The DBT process is comprised of group therapy, also known as DBT skills group sessions, and individual psychotherapy sessions. One-on-one therapy sessions are a helpful component of the DBT process as they can provide the individual in treatment with the opportunity to focus on his or her nuanced challenges. Individual therapy sessions can provide a forum to go over any confusion regarding DBT skills as well as process and improve problem-solving behaviors. The two types of structured sessions are held in conjunction with on another and compliment the different areas of focus, respectively. Though the general idea is for the individual in treatment is to attend the DBT skills group session and have a one-on-one therapy session weekly, the exact number of weekly sessions can be adjusted based in the specific needs of the individual. 

DBT Skills

The DBT skills group session make up an imperative component to the overall DBT program. DBT skills group sessions are focused on enhancing the capabilities of each participant by teaching behavioral skills. These group sessions offer participants an emotionally safe environment to practice implementing the DBT skills alongside others working on the same thing. Group members are encouraged to share their experiences and provide mutual support. DBT skills group sessions are usually held on a weekly basis and are conducted by a qualified mental health practitioner. DBT focuses on providing therapeutic skills in four areas that make up the pillars of DBT, which include the following:

  1. Mindfulness: the practice of being fully aware and wholly present in the current moment
  2. Distress Tolerance: learning tools and techniques to effectively tolerate pain that may arise from difficult situations, instead of attempting to avoid and/ or change it
  3. Interpersonal Effectiveness: learning assertive communication methods that enable an individual to engage with others in a way that maintains self-respect and simultaneously strengthens relationships
  4. Emotion Regulation: explores strategies that aid in changing unwanted emotions, by way of managing and/ or shifting the intense emotions that may be causing problems in one’s life

In DBT skills group session the clinician running the session will follow the lessons provided in the DBT curriculum, teach the skills and facilitate activities to allow the participants to practice using the DBT skills learned. After each DBT skills group session the clinician will assign homework to help practice and reinforce the information taught during the session. It is also important to note that the DBT skills extend beyond the individuals in treatment. In fact, an integral part of DBT is the assumption that effective treatment places equal emphasis on the behavior and experience of the mental health clinicians working with the individuals in treatment as it does on the experience and behaviors of the individuals in treatment. Hence, it is common practice for mental health providers offering DBT to integrate and regularly practice the DBT skills into their daily lives. 

Duration

The full DBT skills curriculum is intended to take twenty-four weeks long to complete. According to the Linehan Institute, this curriculum is often repeated to create a one-year long program. Shorter options that teach only a subset of the DBT skills have also been developed and are used in particular populations and settings. Although these timeframes are usually adhered to, the exact timeframe of a particular DBT program will depend on the specific needs of its participants, as the program may conclude in less time than the scheduled twenty-four weeks, or extend beyond, lasting longer than the twenty-four week period. 

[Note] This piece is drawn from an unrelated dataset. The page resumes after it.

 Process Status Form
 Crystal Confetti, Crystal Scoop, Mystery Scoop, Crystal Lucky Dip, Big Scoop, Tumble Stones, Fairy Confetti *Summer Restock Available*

Is DBT Effective In Treating Anxiety?

Psychologist Marsha M. Linehan developed dialectical Behavior Therapy (DBT) in the late 1980s. It was initially intended to help better treat chronically suicidal individuals diagnosed with borderline personality disorder (BPD). It is a specific type of cognitive-behavioral therapy (CBT) that prioritizes the psychosocial aspects of treatment. Since its development, DBT has proven to be an effective treatment method for other kinds of mental health disorders, such as substance use disorder (SUD), depression, post-traumatic stress disorder (PTSD), anxiety, eating disorders, and more. DBT works by providing individuals with new skills to manage painful emotions and reduce relationship conflicts. When regularly applied, the DBT skills can help an individual improve his or her ability to regulate emotions, learn to better tolerate distress and negative emotions, remain mindful and present in the moment, and learn to communicate and interact more effectively with others. 

Anxiety

While it is normal for an individual to experience bouts of anxiety at various time throughout his or her life, if the worry becomes debilitating it may be indicative of a clinical mental health disorder. Anxiety is listed in the Diagnostic and Statistical Manual of Mental Disorders, Fifth Edition (DSM-5), as Generalized Anxiety Disorder (GAD). According to the Anxiety and Depression Association of America (AADA), in order to be clinically diagnosed with GAD an individual must experience severe difficulty controlling his or her worry on more days than not for at least six months and present with at least three or more of following signs and symptoms:

  • Nervousness
  • Edginess 
  • Irritability
  • Having a sense of impending danger, panic and/ or doom
  • Increased heart rate
  • Difficulty sleeping (due to trouble falling asleep and/ or staying asleep, restlessness at night, and/ or unsatisfying sleep)
  • Hyperventilation (breathing rapidly)
  • Excessive sweating
  • Trembling
  • Feeling weak and/ or tired
  • Impaired concentration and/ or feeling as though the mind goes blank
  • Increased muscle aches and/ or soreness
  • Gastrointestinal (GI) problems (i.e. nausea, diarrhea, vomiting…etc.)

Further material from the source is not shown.